» Provided material:
== == ==

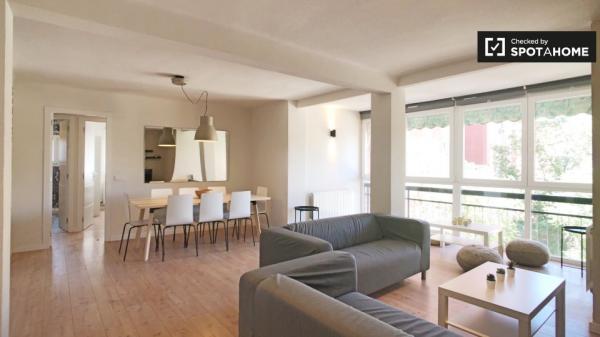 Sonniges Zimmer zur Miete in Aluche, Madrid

== == ==

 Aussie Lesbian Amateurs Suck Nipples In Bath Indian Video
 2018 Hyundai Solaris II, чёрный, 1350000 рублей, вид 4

== == ==

Everything starting at the line containing "Aussie Lesbian Amateurs" and ending at the line containing "2018 Hyundai Solaris" in the records above should be repeated exactly, and only that.

 Aussie Lesbian Amateurs Suck Nipples In Bath Indian Video
 2018 Hyundai Solaris II, чёрный, 1350000 рублей, вид 4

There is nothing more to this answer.